=== Begin Enclosure ===
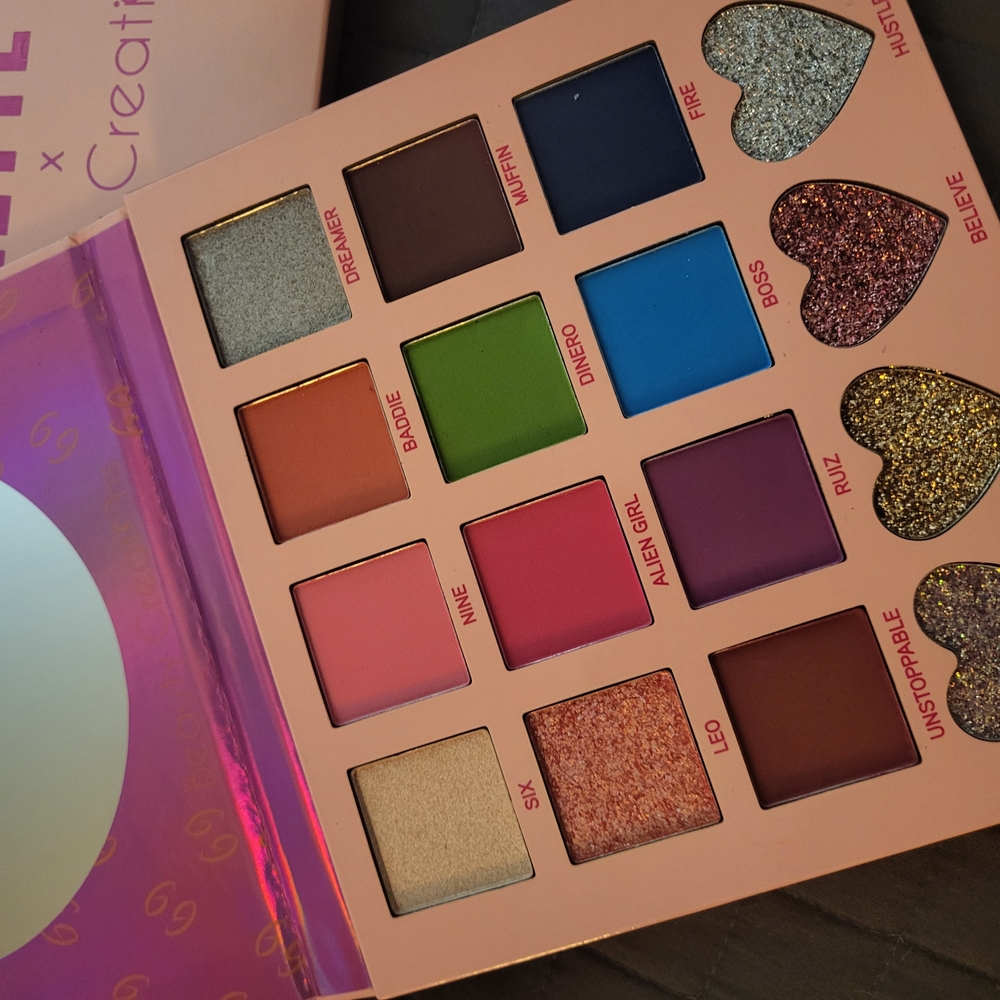 Annette 69 Glam Eyeshadow Palette with 16 Vibrant Colors - Picture 10 of 10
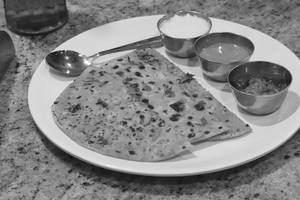 Aloo Paratha (2)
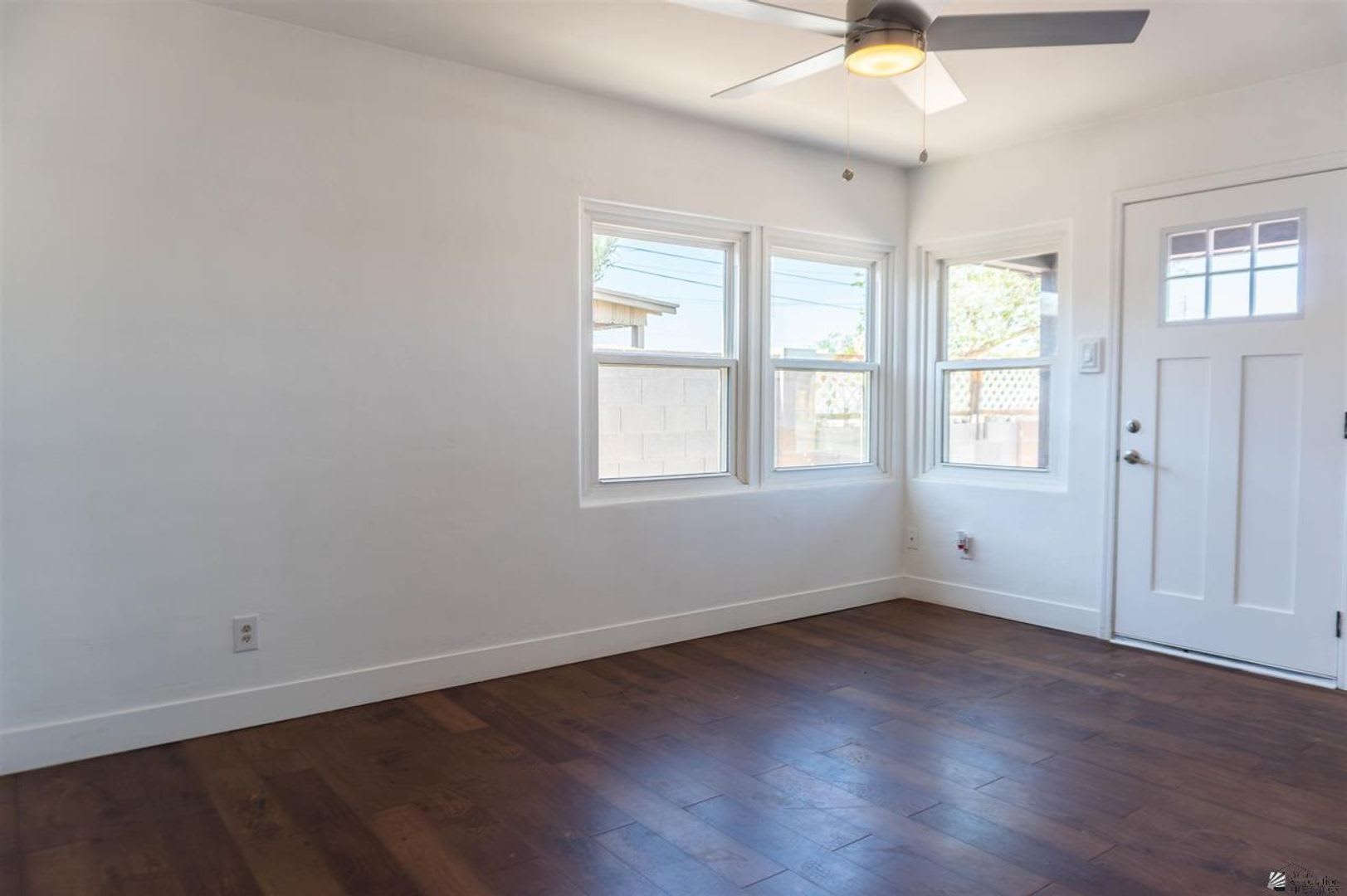 Remodeled 137 N Magnolia Ave – photo 3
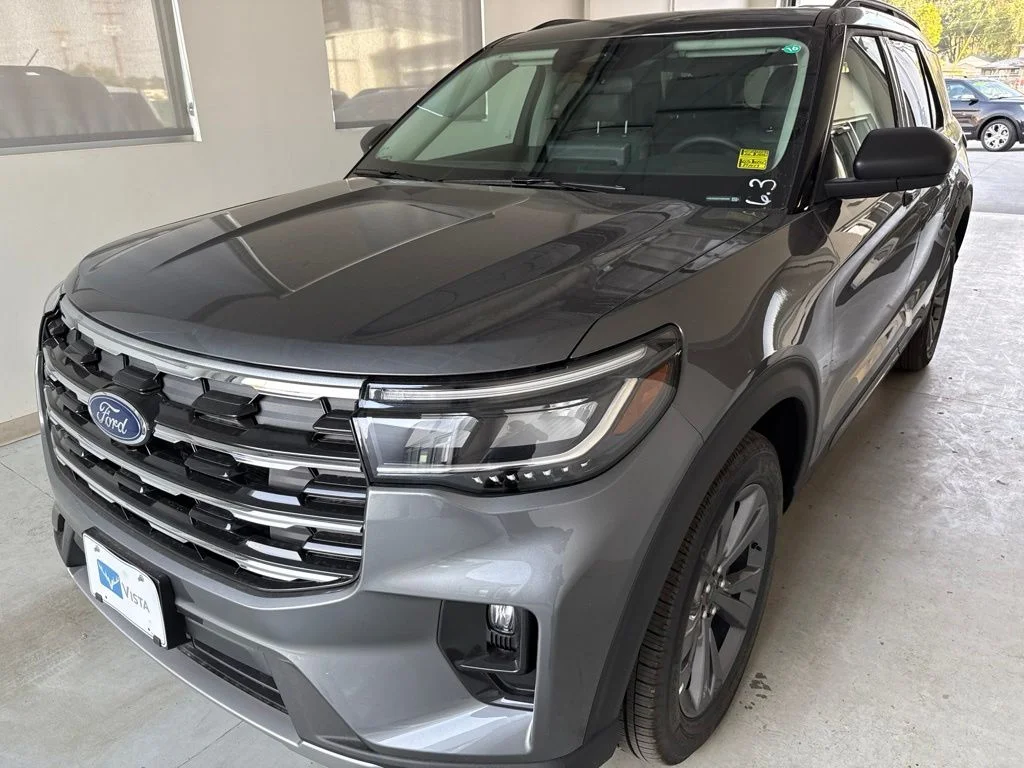 New 2026 Carbonized Gray Metallic Ford Active image 9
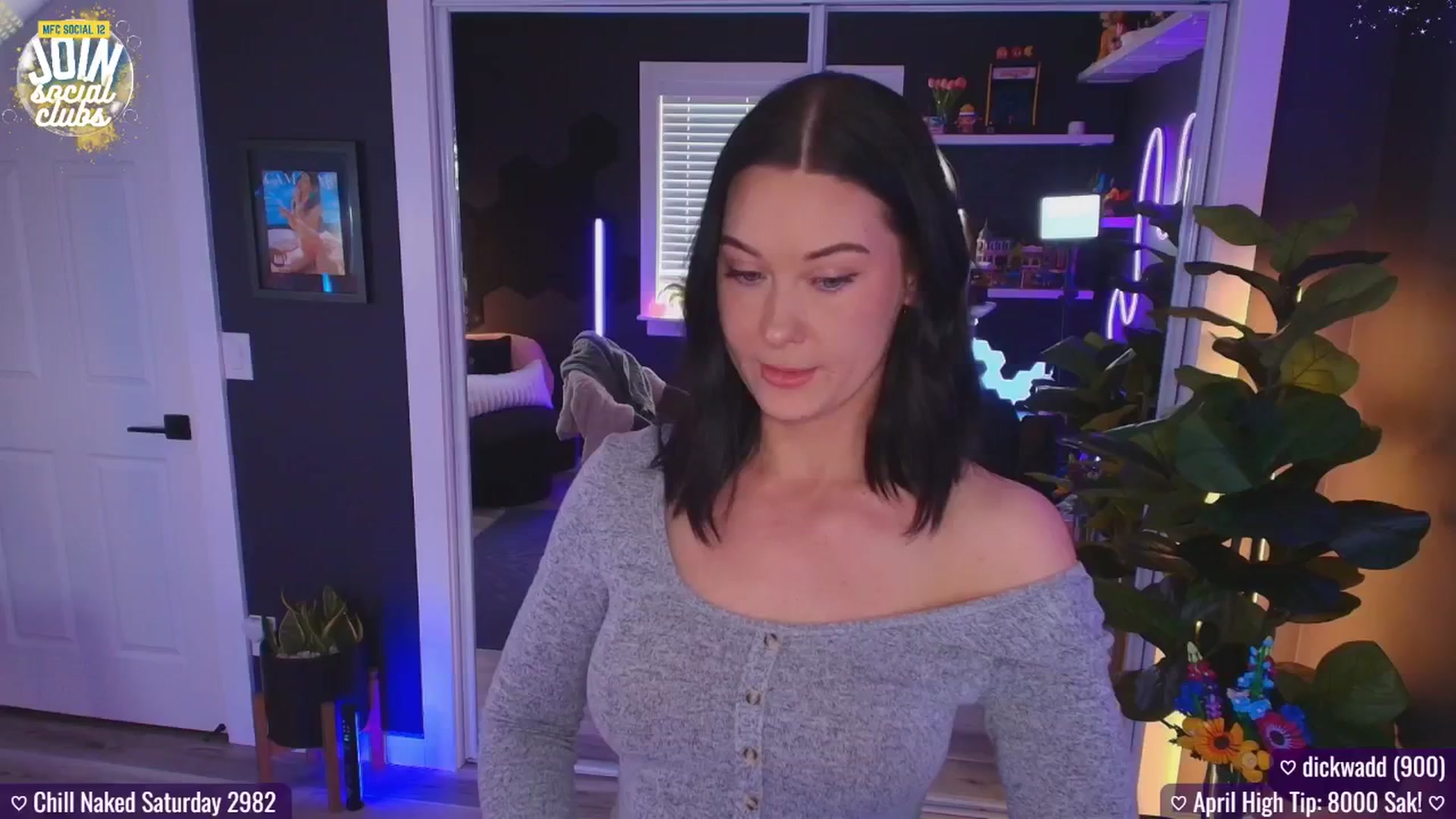 Gallery image thumbnail from addi_x's myfreecams stream on, 04/26/2025, 20:07 image 16 of 20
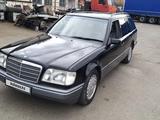 Mercedes-Benz E 200 1993 года за 2 500 000 тг. в Алматы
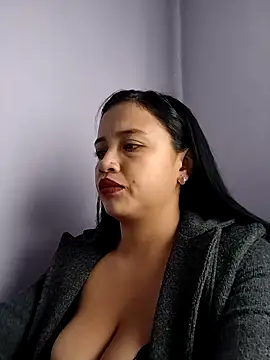 Snapshot of MILA__06 chatting on 09-29-25, 01:50 MILA 06 online show from 09-29-25, 01:50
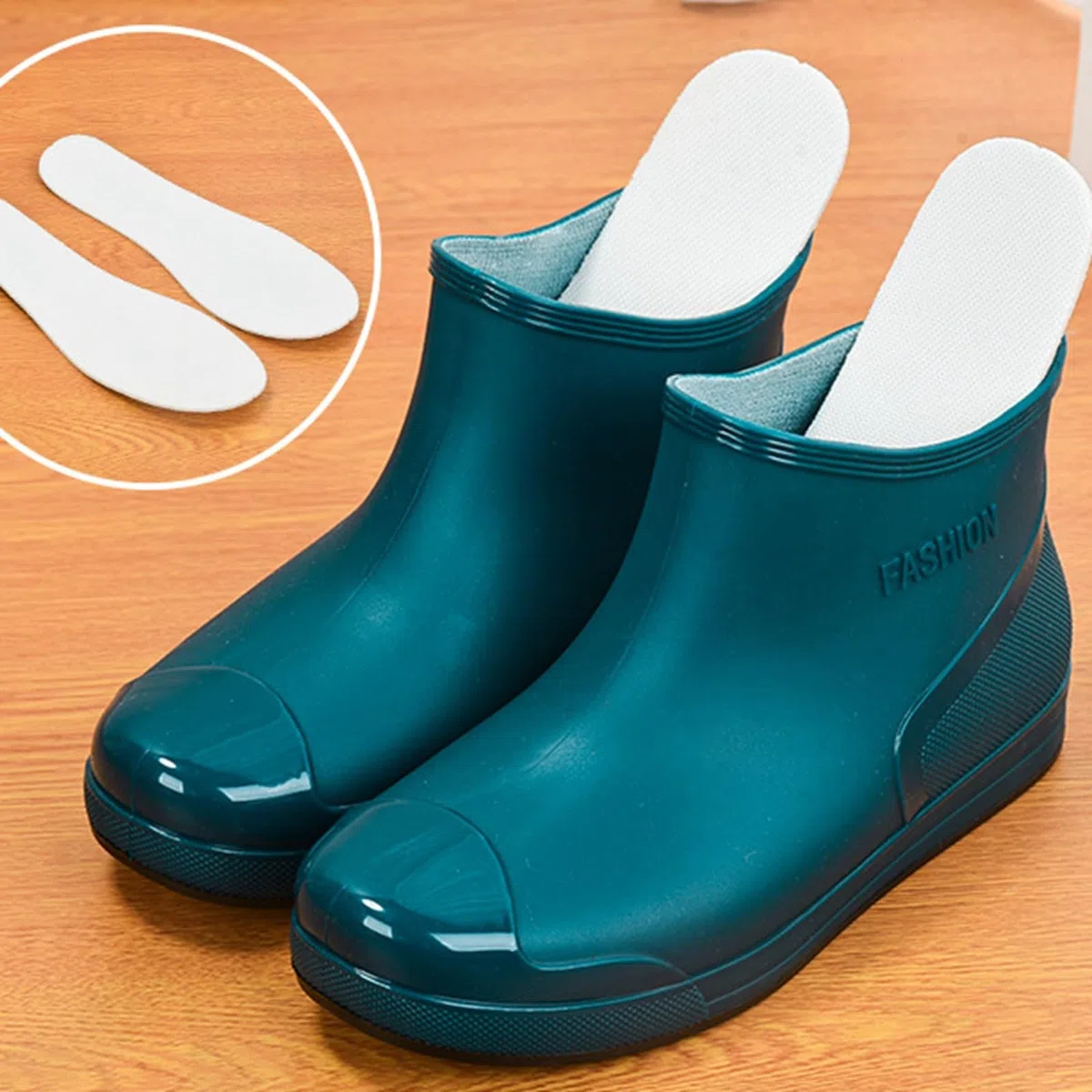 Generisch Zapatos de caminar para mujer, impermeables, de corte bajo, tubo corto, zapatos acuáticos de plástico con suela antideslizante, forro polar cálido, zapatos extraíbles, botines lacados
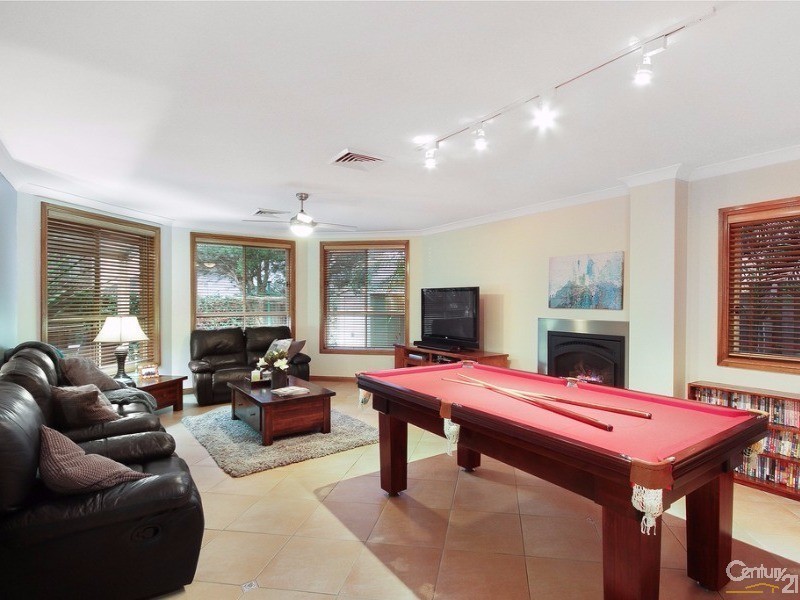 10 Oak Tree Grove, Kellyville NSW 2155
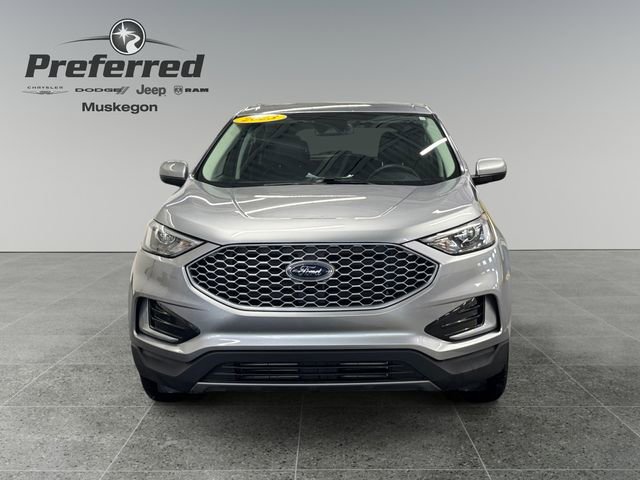 Used 2023 Ford Edge SEL image 11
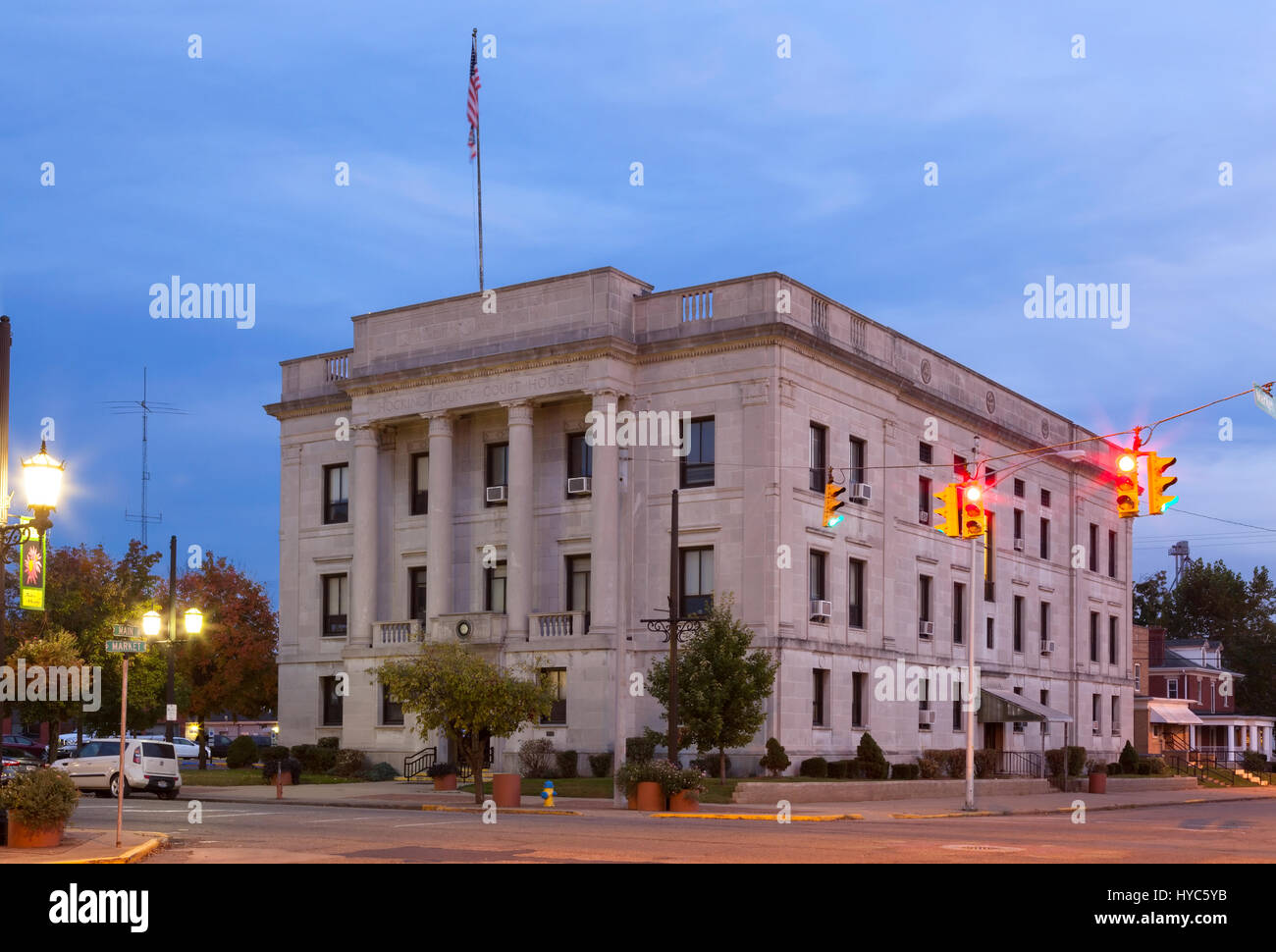 Le Palais de Hocking comté au centre-ville de Logan au crépuscule, Hocking County, Ohio, USA. Banque D'Images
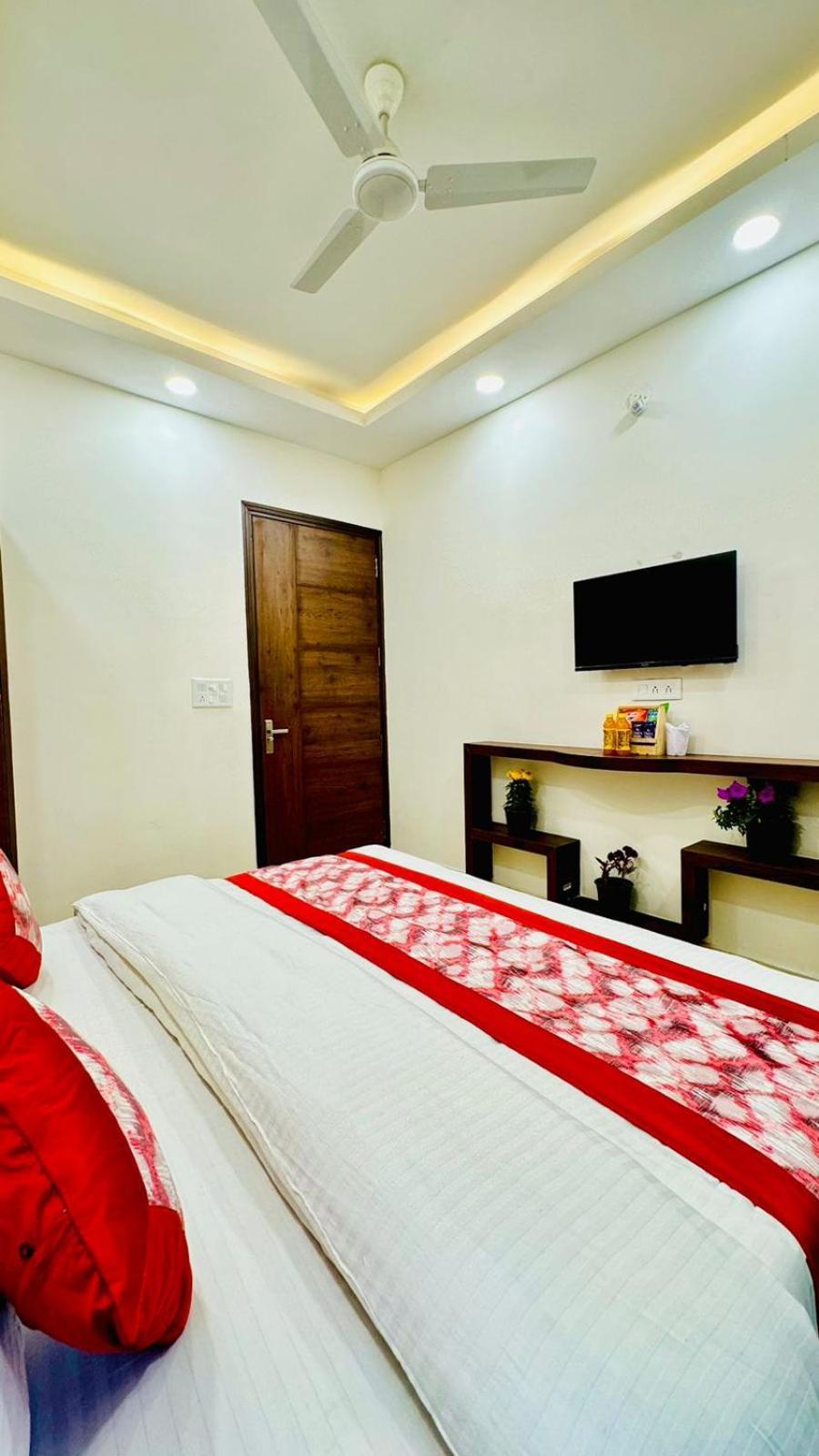 Hotel Ashram View Just 10 Minute Away Form Nizamuddin Railway Station Νέο Δελχί Εξωτερικό φωτογραφία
=== End Enclosure ===
#### [WORK INSTRUCTION]
Output exactly, and only, the lines of the entries above from the one with "Generisch Zapatos de" up to and including the one with "Le Palais de"; pictures are to be left out.

#### [TASK SOLUTION]
 Generisch Zapatos de caminar para mujer, impermeables, de corte bajo, tubo corto, zapatos acuáticos de plástico con suela antideslizante, forro polar cálido, zapatos extraíbles, botines lacados
 10 Oak Tree Grove, Kellyville NSW 2155
 Used 2023 Ford Edge SEL image 11
 Le Palais de Hocking comté au centre-ville de Logan au crépuscule, Hocking County, Ohio, USA. Banque D'Images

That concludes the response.